Not isolated to my knowledge; but,
Per this site the modern reference recording = _Inception_. Top of the industry rec, mix and mastering.

An oldie (1954) is Furtwangler: Sigfried's Funeral March. Studio recording. Gives me chills each time I hear it.

Some other refs per your criteria likely to come your way shortly from others.
Best, Bill


----------



## The Retroblueman (Nov 28, 2022)

Sorry if am misremembering and/or misunderstanding the ask, but I think "to every captive soul" off the Hannibal soundtrack is mostly strings.


----------



## cloudbuster (Nov 28, 2022)

There is or used to be a site with freely downloadable extreme HQ recordings of Norwegian string soloists, ensembles and a radio orchestra. I used them quite a bit for ABing on my old system but don't have them here right now. I will search for them later today and post the link if I find that site again.


----------



## Henu (Nov 28, 2022)

b_elliott said:


> Per this site


For me it looks like some of these examples were just slapped hastily together with the idea of "this must be good because it cost a lot and used top class engineers". Just looking at Tool as the epitome of "metal" feels exactly like Inception being the best movie soundtrack mix ever.


----------



## b_elliott (Nov 28, 2022)

Henu said:


> For me it looks like some of these examples were just slapped hastily together with the idea of "this must be good because it cost a lot and used top class engineers". Just looking at Tool as the epitome of "metal" feels exactly like Inception being the best movie soundtrack mix ever.


You are prolly right since a similar vi thread listed multiple different takes.

The proof is in the pudding. My 2cents:

I found when using Master Match + this ref track to give me _Inceptions'_ EQ curve compared to four other refs from my collection of reference recordings*, the result was surprisingly better IMHO. A horror for any pro to get away with, but it worked for my humble needs.

* Stravinsky's _Firebird_, Furtwangler's _Siegfried Funeral March_, Alban Berg String Qt LvB Op 133 were tested against _Inception._


----------



## jcrosby (Nov 28, 2022)

These tracks from La Belle Epoq have some exposed strings. 
(This album is an absolute gem for string references...)














There's a bunch of exposed string stems on Audiomachines site, just search the site for "strings" and you'll find various isolated string references.... Here's a few.









Audiomachine


Audiomachine




search.audiomachine.com













Audiomachine


Audiomachine




search.audiomachine.com


----------



## b_elliott (Nov 28, 2022)

Also as a reference, how about one of our own, @Saxer as an example of great sounding strings. I bookmarked this one at the time since it grabbed my attention -- still a gorgeous listen:






Remember all those beautiful days


Spitfire Appassionata + Audiomodeling (3 first chairs per voice) + SCS (doubling accents) and Pianoteq.
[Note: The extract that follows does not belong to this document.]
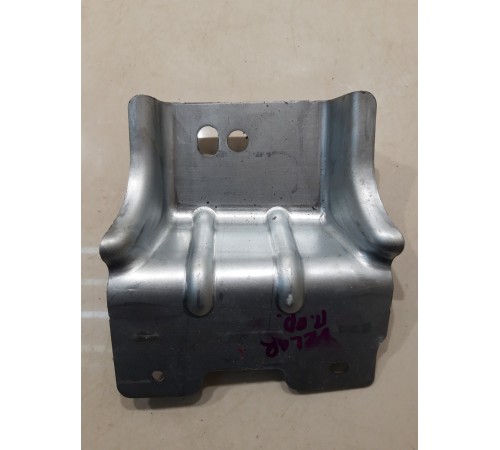 Кронштейн (передний, правый)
The Melodica is a real one: (and of all the instruments it was the cheapest)




vi-control.net


----------



## cloudbuster (Nov 28, 2022)

cloudbuster said:


> There is or used to be a site with freely downloadable extreme HQ recordings of Norwegian string soloists, ensembles and a radio orchestra. I used them quite a bit for ABing on my old system but don't have them here right now. I will search for them later today and post the link if I find that site again.


Shamelessly quoting yours truly, here you go:









NativeDSD Music Starter Pack


Please check your DAC for the correct rate in this sheet.




www.nativedsd.com





Up there with the 'best' recording quality I've ever had the pleasure to listen and reference to and it's free, at least the 96kHz/Stereo flac option I've checked.

Enjoy!


----------



## HarmonKard (Nov 28, 2022)

Thanks all!


b_elliott said:


> Not isolated to my knowledge; but,
> Per this site the modern reference recording = _Inception_. Top of the industry rec, mix and mastering.


Thanks! Wow - that's complicated! Ha! Not sure what I am even looking at



b_elliott said:


> An oldie (1954) is Furtwangler: Sigfried's Funeral March. Studio recording. Gives me chills each time I hear it.


Nah. That's not a HQ recording; might have sounded good for the time, but not by today's standards. Plus, it's in mono. And I am not after the performance, nor the emotion - that doesn't mean anything here.



The Retroblueman said:


> Sorry if am misremembering and/or misunderstanding the ask, but I think "to every captive soul" off the Hannibal soundtrack is mostly strings.



Thx. That's nice - but it's HZ. Can't help but think it's not all real. Even back then.



cloudbuster said:


> There is or used to be a site with freely downloadable extreme HQ recordings of Norwegian string soloists, ensembles and a radio orchestra. I used them quite a bit for ABing on my old system but don't have them here right now. I will search for them later today and post the link if I find that site again.


Thanks! Soloists don't really help, but if that site has ensembles, I'd love to take a look.



jcrosby said:


> These tracks from La Belle Epoq


The third ex is nice, but I can hear the compression. The other three are soloists (or mostly). I know, I know - I am being being picky here! But I appreciate the effort 



b_elliott said:


> Also as a reference, how about one of our own, @Saxer as an example of great sounding strings. I bookmarked this one at the time since it grabbed my attention -- still a gorgeous listen:


Nah - that's samples. But thank you. 



cloudbuster said:


> Shamelessly quoting yours truly, here you go:


That looks like an idea - thanks. But I am not sure what I am looking at there, and what's on the disk?


----------



## HarmonKard (Nov 28, 2022)

So, I got one: Barber: Adagio for Strings. Gotta find a really good quality recording, tho. On the way to the public library - wondering if they have something.


----------



## The Retroblueman (Nov 28, 2022)

HarmonKard said:


> Thx. That's nice - but it's HZ. Can't help but think it's not all real. Even back then.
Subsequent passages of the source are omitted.